The researchers also wanted to see if common Alzheimer’s medications could fix this peripheral nerve dysfunction. They treated the diseased cells with memantine and galantamine, two drugs routinely prescribed to help manage the cognitive symptoms of the illness in its early stages.

Memantine works by blocking a specific chemical receptor to prevent nerve cell damage, while galantamine stops the breakdown of chemical messengers to prolong their effects. Adding these medications to the microscopic model yielded no statistically significant improvement in the function of the nerve and muscle connections.

The medications failed to restore reliable communication between the nerves and muscles. This lack of recovery suggests that treatments designed exclusively to heal the brain do not automatically repair damage in the rest of the body.

Hickman noted the importance of this specific realization. “This is the first time it’s been demonstrated that deficits in the peripheral nervous system can arise directly from these mutations,” Hickman says. “It means drugs that target the brain may not fix problems in the rest of the body.”

While the model provided clear insights, the study does have a few distinct limitations. The microscopic system used in the experiment only contained motor neurons and skeletal muscle cells, making it a very basic representation of human biology.

In a living human body, other cell types, such as protective astrocytes and Schwann cells, interact with nerves and muscles to support their daily function. Introducing these supporting cells into the laboratory model could alter the results, either making the symptoms worse or compensating for the diseased nerves.

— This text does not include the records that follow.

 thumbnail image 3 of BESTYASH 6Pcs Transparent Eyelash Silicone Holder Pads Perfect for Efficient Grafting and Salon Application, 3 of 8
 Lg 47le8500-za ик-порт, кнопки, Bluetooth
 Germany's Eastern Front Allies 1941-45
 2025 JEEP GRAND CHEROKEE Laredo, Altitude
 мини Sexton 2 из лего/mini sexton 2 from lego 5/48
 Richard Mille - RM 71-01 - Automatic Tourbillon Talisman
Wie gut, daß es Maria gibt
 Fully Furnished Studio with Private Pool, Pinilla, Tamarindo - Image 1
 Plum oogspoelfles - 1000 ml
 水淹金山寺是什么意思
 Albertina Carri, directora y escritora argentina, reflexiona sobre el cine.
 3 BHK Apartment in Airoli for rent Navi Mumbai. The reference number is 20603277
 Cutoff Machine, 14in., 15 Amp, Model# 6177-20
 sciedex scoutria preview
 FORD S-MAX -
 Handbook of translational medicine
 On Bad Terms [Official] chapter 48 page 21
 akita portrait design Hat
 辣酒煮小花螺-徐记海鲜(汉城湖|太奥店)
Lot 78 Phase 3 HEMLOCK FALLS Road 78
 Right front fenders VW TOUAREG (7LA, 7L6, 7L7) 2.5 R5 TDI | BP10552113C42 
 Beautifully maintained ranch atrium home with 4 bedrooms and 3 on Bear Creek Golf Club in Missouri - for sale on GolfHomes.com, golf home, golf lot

Future research will likely expand on this model by testing muscle cells that carry Alzheimer’s mutations, rather than just the nerve cells. Researchers could also use the miniature devices to model sensory neurons, which would help map out how the disease affects the body’s pathways for feeling touch and pain.

Because current medications did not heal the peripheral nerves in this study, the miniature human-on-a-chip could become a testing ground for new pharmaceutical compounds. Developing combination therapies that target both cognitive decline and physical deterioration could eventually improve the overall quality of life for patients.

The study, “Evaluating the peripheral nervous system pathology of Alzheimer’s disease utilizing a functional human NMJ microphysiological system,” was authored by Akhmetzada Kargazhanov, Romy Aiken, Kenneth Hawkins, Rafael Lopez, Ahmad Nawaz, Gaurav Srivastava, Chase Miller, Will Bogen, Christopher Long, David Morgan, Xiufang Guo, James Hickman.